→ **Input data**
──────────────────────────────

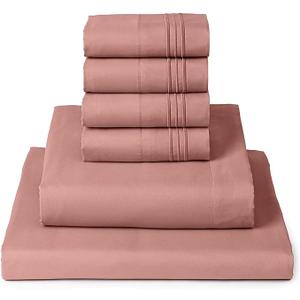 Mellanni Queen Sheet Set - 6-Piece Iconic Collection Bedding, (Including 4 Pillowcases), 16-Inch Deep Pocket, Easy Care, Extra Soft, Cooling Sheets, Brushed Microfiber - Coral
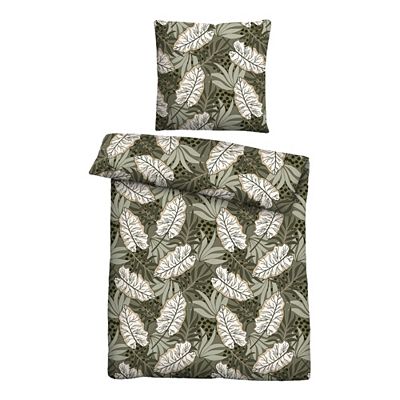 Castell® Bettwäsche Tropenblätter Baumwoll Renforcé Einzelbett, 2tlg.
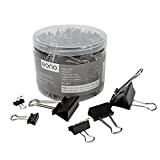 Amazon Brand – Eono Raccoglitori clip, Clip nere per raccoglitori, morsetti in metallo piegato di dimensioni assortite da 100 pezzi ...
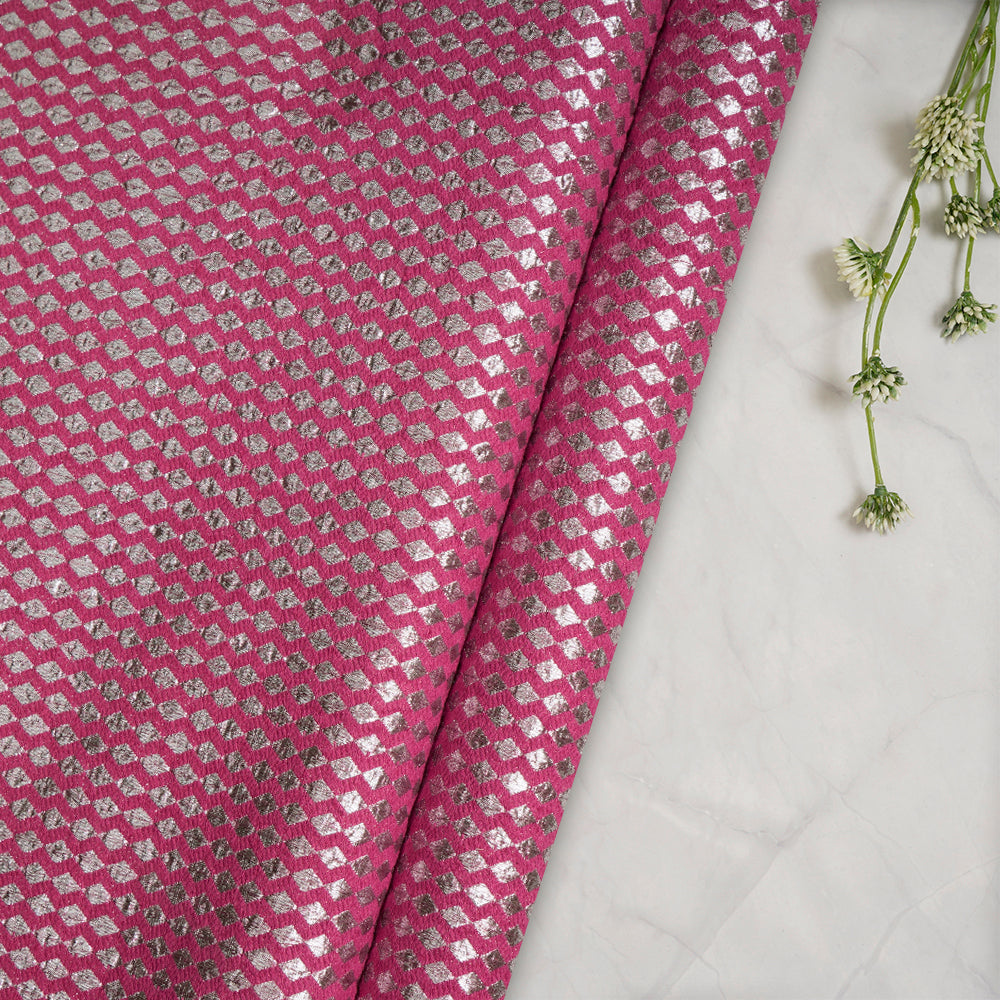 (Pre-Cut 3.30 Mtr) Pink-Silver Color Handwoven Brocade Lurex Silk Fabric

──────────────────────────────

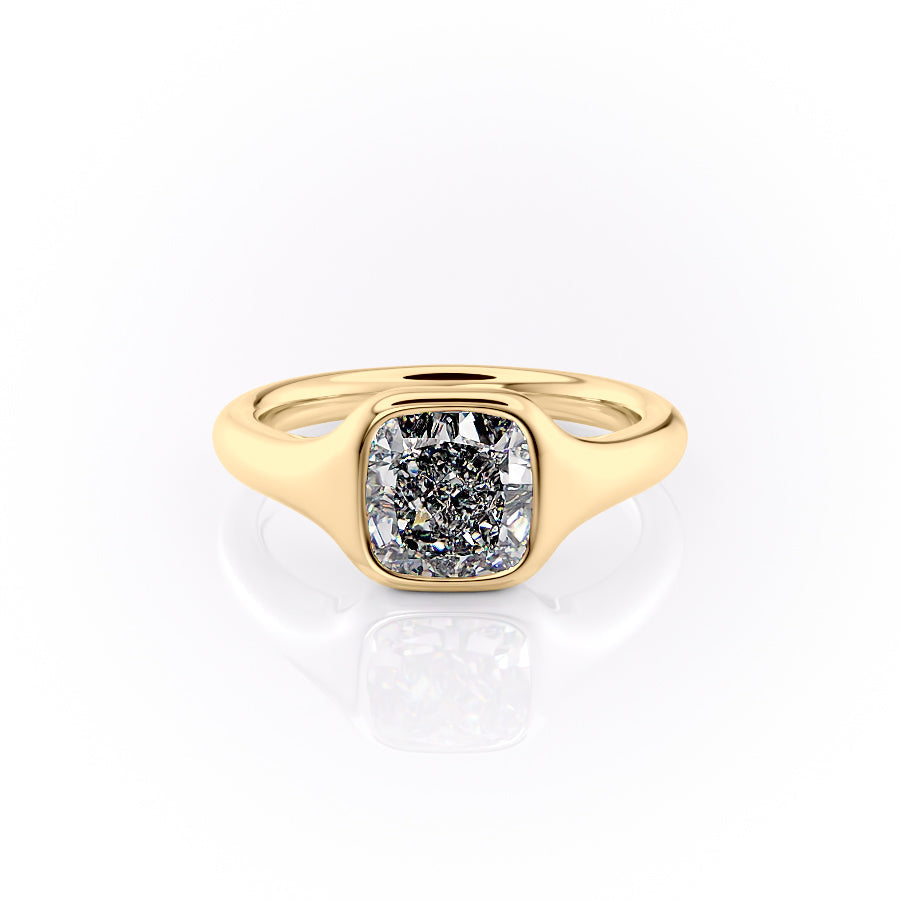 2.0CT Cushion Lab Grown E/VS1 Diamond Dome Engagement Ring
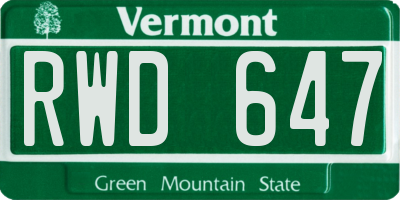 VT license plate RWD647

──────────────────────────────

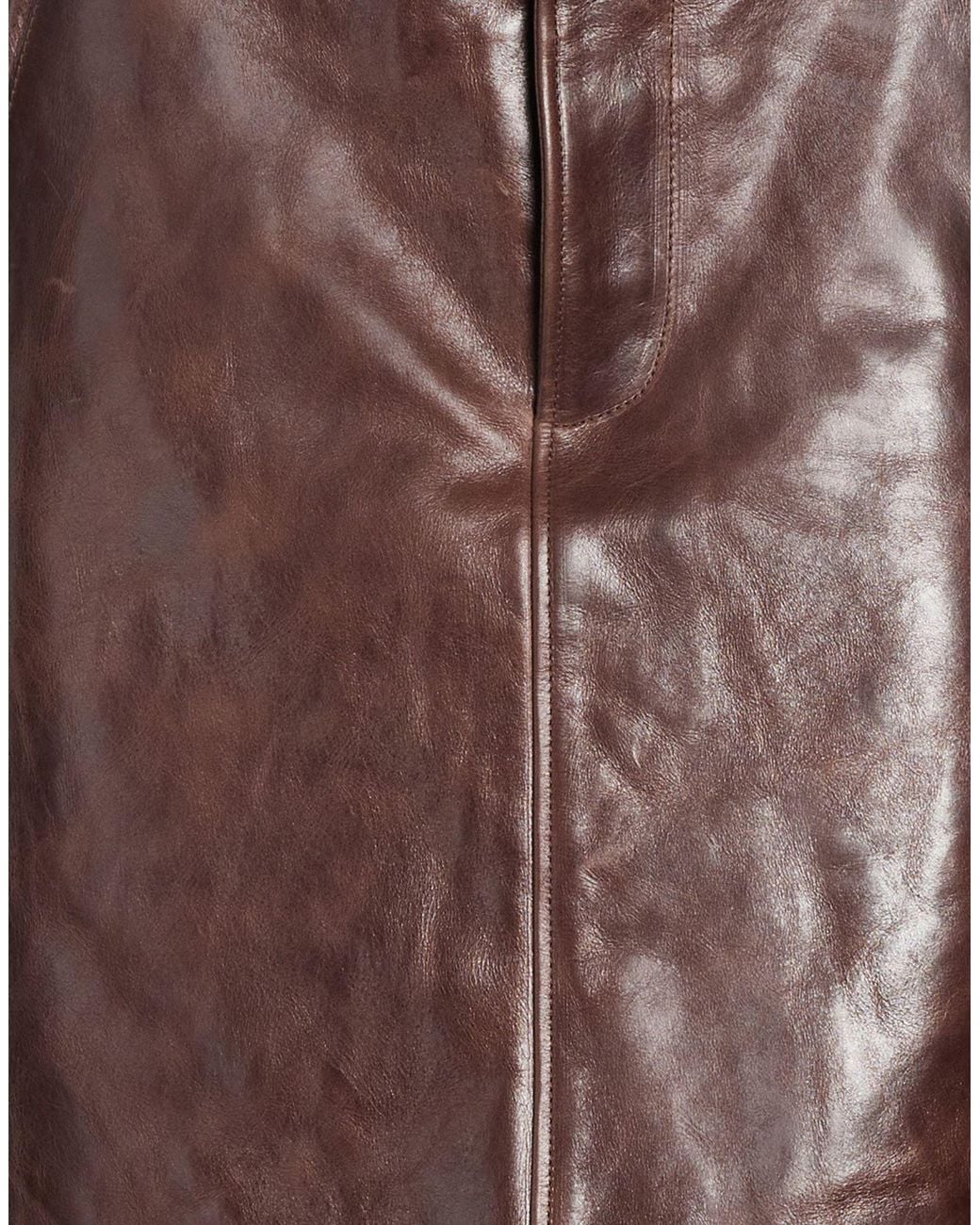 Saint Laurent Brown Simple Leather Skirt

──────────────────────────────

→ **Work item**
Transcribe, exactly and without pictures, everything in the data from the line with "Castell® Bettwäsche Tropenblätter" down to the line with "(Pre-Cut 3.30 Mtr)", both included.

→ **Solution**
 Castell® Bettwäsche Tropenblätter Baumwoll Renforcé Einzelbett, 2tlg.
 Amazon Brand – Eono Raccoglitori clip, Clip nere per raccoglitori, morsetti in metallo piegato di dimensioni assortite da 100 pezzi ...
 (Pre-Cut 3.30 Mtr) Pink-Silver Color Handwoven Brocade Lurex Silk Fabric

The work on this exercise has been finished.